Top of INPUT RECORDS
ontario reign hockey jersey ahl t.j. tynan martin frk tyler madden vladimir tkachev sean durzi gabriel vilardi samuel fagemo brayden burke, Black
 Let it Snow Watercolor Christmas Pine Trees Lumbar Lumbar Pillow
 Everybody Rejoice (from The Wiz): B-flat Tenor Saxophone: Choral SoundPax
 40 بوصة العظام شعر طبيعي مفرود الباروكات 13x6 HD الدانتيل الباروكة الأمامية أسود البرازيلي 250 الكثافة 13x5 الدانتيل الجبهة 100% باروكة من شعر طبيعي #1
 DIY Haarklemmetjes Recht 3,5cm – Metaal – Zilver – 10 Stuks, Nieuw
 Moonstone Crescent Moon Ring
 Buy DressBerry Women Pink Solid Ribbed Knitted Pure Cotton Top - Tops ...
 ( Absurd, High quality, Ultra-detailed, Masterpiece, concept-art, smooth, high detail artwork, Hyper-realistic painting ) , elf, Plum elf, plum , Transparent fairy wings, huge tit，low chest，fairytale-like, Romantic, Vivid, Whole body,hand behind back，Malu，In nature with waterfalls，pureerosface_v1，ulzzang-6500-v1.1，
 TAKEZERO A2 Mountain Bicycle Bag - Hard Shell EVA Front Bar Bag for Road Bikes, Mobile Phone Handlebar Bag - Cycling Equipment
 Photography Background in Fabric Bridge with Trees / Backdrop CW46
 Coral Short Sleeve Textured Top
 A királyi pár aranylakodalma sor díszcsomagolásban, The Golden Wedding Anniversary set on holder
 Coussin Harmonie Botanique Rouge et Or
Bottom of INPUT RECORDS
» **EXERCISE INSTRUCTIONS**
Nothing beyond the line that contains "Buy DressBerry Women" belongs in the answer; reproduce the entries exactly from their first line through it.

» **WORKED SOLUTION**
ontario reign hockey jersey ahl t.j. tynan martin frk tyler madden vladimir tkachev sean durzi gabriel vilardi samuel fagemo brayden burke, Black
 Let it Snow Watercolor Christmas Pine Trees Lumbar Lumbar Pillow
 Everybody Rejoice (from The Wiz): B-flat Tenor Saxophone: Choral SoundPax
 40 بوصة العظام شعر طبيعي مفرود الباروكات 13x6 HD الدانتيل الباروكة الأمامية أسود البرازيلي 250 الكثافة 13x5 الدانتيل الجبهة 100% باروكة من شعر طبيعي #1
 DIY Haarklemmetjes Recht 3,5cm – Metaal – Zilver – 10 Stuks, Nieuw
 Moonstone Crescent Moon Ring
 Buy DressBerry Women Pink Solid Ribbed Knitted Pure Cotton Top - Tops ...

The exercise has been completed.